# Schoenberg's method: No big deal



## millionrainbows (Jun 23, 2012)

Here's how I'm beginning to sum-up Schoenberg: he was a consummate craftsman, and a traditionalist who understood tonality totally. Then he wanted to get more abstract (letters to Kandinsky), by using 'Brahmsian' motives and angular, expressionistic 'themes' and melodies, as this 'ugly,' angular, bizarre-sounding music was part of his Expressionist aesthetic. The 12-tone method allowed him to do this, and insured that the music would remain totally chromatic, at least horizontally/melodically, and discourage the perception of a tone center. That's the only use I think he had for the ordered tone rows of his 12-tone method.

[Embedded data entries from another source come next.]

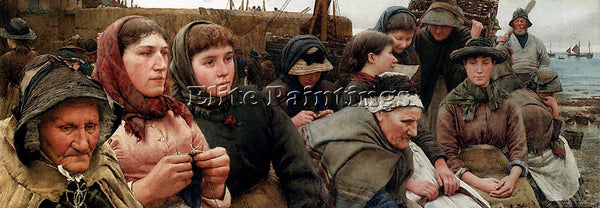 WALTER LANGLEY WAITING FOR THE BOATS ARTIST PAINTING REPRODUCTION HANDMADE OIL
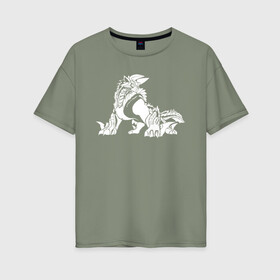 Женская футболка хлопок Oversize с принтом Monster Hunter: World в Санкт-Петербурге, 100% хлопок | свободный крой, круглый ворот, спущенный рукав, длина до линии бедер
 | dragon | game | hunter | logo | monster | world | дракон | драконы | игра | монстр | монстры | охотник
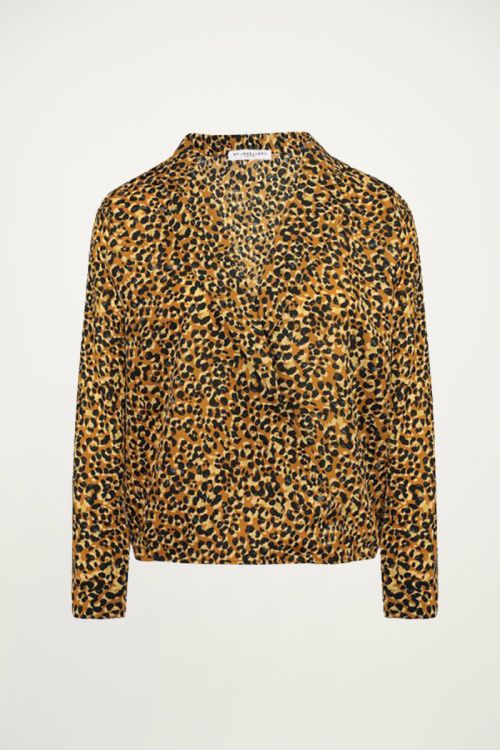 Bruine overslag blouse luipaard, blouse met print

The rest of it, the vertical, harmonic aspect, was determined by a looser use of the row. An ordered row cannot have 'vertical order' unless it's up/down; and to _specify_ that would be to create a* tonal bias* of _lower in favor of higher notes_ in the row. That's how tonality works; on a harmonic model, and that model goes from low to high (fundamental and higher partials). Schoenberg never specified how this vertical dimension would work, and so we must assume that it was open to chance.

So, the vertical aspect is also controlled by the row only, and its notes. Only this is left to the discretion of the composer, I must assume. But this is a total determination based on the row, one way or another; it has absolutely no basis in 'tonal function' or tonality.

Therefore, whatever sonorous effects we get from 12-tone music is determined by the row and how it is used, not by any structures or functions of the tonal hierarchy.

If it 'sounds tonal,' this may be due to 'tonal illusions' such as voice-leading and imitation of triads, or allusions to cadences.

But in this regard, Schoenberg is really no more innovative in creating this method than Bartok or Debussy; they were also using non-tonal (or atonal) thinking when they composed. Their sets of notes weren't _ordered_  like Schoenberg's, unless they used them that way as themes drawn from sets, which is more flexible, anyway. They could have their cake and eat it too; Schoenberg wanted us to believe that he invented the cake, and that this cake had to be done a certain way, according to his certain recipe; but this was not true in the long run. With Forte and Rahn's books, their codification of all possible sets into a giant index of possibilities, and Elliott Carter's own use of these sets, it was proven that Schoenberg, although unquestionably a great artist, came up with a method that was, in the long run...no big deal.


----------



## Mahlerian (Nov 27, 2012)

The method was never the point. The music was the point.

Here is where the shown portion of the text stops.